# Material to process
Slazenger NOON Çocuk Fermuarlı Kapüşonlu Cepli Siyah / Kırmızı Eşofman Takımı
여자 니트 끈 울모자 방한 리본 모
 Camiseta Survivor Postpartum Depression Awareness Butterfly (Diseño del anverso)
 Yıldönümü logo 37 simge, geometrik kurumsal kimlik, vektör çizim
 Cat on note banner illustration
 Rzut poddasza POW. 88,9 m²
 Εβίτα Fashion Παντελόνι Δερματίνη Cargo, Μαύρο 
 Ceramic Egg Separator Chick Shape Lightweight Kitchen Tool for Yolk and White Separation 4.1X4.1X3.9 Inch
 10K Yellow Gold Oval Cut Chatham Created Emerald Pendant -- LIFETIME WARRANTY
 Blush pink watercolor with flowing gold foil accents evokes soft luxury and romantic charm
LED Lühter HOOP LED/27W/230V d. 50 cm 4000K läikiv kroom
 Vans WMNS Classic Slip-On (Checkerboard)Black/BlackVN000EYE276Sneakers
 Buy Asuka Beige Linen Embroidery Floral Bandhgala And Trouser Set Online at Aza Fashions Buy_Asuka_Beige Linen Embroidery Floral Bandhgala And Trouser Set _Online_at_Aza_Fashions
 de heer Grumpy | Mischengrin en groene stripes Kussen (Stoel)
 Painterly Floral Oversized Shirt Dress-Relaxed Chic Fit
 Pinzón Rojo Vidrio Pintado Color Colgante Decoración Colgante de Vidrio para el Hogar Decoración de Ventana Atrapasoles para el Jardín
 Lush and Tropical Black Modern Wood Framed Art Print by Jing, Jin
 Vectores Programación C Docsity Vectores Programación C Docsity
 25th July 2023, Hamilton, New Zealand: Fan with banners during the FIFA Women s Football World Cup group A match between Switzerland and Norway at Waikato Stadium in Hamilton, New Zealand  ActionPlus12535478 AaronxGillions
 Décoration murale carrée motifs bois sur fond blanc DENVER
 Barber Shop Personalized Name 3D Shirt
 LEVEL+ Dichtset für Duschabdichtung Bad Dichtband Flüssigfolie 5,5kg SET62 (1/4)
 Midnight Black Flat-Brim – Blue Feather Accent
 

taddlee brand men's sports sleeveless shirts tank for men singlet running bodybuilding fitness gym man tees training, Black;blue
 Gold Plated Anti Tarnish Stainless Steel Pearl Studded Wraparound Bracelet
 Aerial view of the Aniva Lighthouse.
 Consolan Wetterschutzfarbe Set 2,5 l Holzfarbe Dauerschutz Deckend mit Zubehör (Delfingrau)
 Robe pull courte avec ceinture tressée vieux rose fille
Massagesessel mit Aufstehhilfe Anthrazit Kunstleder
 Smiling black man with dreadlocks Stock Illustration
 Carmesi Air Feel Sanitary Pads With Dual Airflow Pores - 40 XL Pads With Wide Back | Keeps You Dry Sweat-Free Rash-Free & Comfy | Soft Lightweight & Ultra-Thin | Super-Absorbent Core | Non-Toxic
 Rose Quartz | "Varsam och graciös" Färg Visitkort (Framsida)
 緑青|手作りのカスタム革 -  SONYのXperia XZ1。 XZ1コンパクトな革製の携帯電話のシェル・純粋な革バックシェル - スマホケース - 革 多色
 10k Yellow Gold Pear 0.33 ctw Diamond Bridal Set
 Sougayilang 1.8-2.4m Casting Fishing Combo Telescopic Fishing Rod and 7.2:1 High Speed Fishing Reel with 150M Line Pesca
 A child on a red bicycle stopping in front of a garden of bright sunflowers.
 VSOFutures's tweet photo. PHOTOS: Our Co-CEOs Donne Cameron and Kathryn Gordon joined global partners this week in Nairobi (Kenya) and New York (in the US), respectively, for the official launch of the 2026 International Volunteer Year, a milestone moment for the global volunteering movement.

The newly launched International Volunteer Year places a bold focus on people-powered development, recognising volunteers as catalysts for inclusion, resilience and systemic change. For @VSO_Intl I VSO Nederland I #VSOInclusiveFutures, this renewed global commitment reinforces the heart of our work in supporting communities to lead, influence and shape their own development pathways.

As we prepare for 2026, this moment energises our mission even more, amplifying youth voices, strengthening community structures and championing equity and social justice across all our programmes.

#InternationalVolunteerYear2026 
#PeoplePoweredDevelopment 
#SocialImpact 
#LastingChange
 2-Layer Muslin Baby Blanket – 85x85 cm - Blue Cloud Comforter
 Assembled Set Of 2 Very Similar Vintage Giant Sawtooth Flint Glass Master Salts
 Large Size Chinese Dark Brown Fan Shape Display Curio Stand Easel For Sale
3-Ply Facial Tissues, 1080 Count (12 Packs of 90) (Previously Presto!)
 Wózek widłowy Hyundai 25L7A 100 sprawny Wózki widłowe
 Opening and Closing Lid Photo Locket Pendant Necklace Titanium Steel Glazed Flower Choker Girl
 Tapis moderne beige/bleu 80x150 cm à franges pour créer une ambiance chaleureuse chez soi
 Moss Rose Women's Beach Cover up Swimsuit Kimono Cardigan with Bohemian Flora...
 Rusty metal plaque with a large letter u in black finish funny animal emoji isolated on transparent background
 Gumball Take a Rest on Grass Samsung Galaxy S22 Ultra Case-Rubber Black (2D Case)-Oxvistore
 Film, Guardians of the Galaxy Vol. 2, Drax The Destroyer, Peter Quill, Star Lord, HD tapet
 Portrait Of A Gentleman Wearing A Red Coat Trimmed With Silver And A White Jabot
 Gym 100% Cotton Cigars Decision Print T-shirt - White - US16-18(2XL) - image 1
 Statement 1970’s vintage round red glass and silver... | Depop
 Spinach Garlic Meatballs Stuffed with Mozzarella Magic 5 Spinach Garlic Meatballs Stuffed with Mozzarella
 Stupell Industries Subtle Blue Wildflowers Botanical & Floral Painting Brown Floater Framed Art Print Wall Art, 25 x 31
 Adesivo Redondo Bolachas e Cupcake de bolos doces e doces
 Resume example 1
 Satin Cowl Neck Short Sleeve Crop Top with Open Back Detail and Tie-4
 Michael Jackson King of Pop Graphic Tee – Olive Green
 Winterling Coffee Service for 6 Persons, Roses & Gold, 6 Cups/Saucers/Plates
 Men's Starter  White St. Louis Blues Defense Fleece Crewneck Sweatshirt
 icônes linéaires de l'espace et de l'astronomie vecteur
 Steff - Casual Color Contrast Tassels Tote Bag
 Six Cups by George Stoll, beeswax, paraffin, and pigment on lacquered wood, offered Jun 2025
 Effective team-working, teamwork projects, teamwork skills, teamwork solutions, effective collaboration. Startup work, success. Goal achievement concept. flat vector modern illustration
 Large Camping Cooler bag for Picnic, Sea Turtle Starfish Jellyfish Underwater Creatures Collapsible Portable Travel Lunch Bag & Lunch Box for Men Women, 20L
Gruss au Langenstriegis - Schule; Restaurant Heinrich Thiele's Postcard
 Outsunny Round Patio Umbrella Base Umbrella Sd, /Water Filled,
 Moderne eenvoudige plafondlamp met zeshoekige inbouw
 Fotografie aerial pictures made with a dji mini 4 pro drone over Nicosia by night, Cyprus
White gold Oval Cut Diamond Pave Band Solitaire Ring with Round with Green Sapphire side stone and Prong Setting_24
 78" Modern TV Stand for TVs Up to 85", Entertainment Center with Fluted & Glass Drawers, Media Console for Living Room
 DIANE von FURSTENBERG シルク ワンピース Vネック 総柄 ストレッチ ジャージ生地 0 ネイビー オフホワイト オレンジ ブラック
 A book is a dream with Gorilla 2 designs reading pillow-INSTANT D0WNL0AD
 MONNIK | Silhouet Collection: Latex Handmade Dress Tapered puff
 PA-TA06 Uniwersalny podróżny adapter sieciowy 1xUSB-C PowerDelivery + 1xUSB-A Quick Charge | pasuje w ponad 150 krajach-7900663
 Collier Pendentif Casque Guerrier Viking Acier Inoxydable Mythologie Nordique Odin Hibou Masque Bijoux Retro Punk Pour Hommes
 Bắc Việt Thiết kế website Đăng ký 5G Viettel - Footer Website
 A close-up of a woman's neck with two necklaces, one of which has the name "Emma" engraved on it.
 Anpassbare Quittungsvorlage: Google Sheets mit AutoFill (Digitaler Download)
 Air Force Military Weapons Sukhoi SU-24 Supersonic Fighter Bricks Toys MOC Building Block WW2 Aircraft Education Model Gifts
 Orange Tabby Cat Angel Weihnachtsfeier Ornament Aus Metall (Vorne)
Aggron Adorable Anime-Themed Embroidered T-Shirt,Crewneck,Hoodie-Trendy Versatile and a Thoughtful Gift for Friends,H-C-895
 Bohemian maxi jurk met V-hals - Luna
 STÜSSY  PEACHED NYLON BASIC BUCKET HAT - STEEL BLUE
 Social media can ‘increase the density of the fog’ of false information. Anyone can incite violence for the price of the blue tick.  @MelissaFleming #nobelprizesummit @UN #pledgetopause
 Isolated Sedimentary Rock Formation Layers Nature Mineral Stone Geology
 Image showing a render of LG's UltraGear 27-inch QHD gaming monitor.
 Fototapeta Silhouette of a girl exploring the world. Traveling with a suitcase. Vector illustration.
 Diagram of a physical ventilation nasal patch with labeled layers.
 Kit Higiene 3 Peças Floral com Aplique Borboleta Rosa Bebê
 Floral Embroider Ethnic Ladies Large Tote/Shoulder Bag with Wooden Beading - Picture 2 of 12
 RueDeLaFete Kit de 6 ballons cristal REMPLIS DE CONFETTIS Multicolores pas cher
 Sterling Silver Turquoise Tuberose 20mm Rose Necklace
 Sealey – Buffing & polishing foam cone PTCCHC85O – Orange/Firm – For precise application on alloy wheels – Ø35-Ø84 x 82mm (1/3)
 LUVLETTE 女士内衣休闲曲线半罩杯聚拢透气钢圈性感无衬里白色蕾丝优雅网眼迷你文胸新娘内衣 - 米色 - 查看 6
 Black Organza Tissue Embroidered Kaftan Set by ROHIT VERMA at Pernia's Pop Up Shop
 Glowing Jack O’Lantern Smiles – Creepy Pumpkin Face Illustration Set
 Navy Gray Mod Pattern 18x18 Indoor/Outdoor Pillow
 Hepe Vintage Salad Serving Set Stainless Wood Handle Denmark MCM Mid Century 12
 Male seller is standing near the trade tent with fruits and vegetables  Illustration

# Task instructions
In the records above, find the line containing "Vectores Programación C Docsity Vectores" and restate word for word every line from the first through that one.

# Task solution
Slazenger NOON Çocuk Fermuarlı Kapüşonlu Cepli Siyah / Kırmızı Eşofman Takımı
여자 니트 끈 울모자 방한 리본 모
 Camiseta Survivor Postpartum Depression Awareness Butterfly (Diseño del anverso)
 Yıldönümü logo 37 simge, geometrik kurumsal kimlik, vektör çizim
 Cat on note banner illustration
 Rzut poddasza POW. 88,9 m²
 Εβίτα Fashion Παντελόνι Δερματίνη Cargo, Μαύρο 
 Ceramic Egg Separator Chick Shape Lightweight Kitchen Tool for Yolk and White Separation 4.1X4.1X3.9 Inch
 10K Yellow Gold Oval Cut Chatham Created Emerald Pendant -- LIFETIME WARRANTY
 Blush pink watercolor with flowing gold foil accents evokes soft luxury and romantic charm
LED Lühter HOOP LED/27W/230V d. 50 cm 4000K läikiv kroom
 Vans WMNS Classic Slip-On (Checkerboard)Black/BlackVN000EYE276Sneakers
 Buy Asuka Beige Linen Embroidery Floral Bandhgala And Trouser Set Online at Aza Fashions Buy_Asuka_Beige Linen Embroidery Floral Bandhgala And Trouser Set _Online_at_Aza_Fashions
 de heer Grumpy | Mischengrin en groene stripes Kussen (Stoel)
 Painterly Floral Oversized Shirt Dress-Relaxed Chic Fit
 Pinzón Rojo Vidrio Pintado Color Colgante Decoración Colgante de Vidrio para el Hogar Decoración de Ventana Atrapasoles para el Jardín
 Lush and Tropical Black Modern Wood Framed Art Print by Jing, Jin
 Vectores Programación C Docsity Vectores Programación C Docsity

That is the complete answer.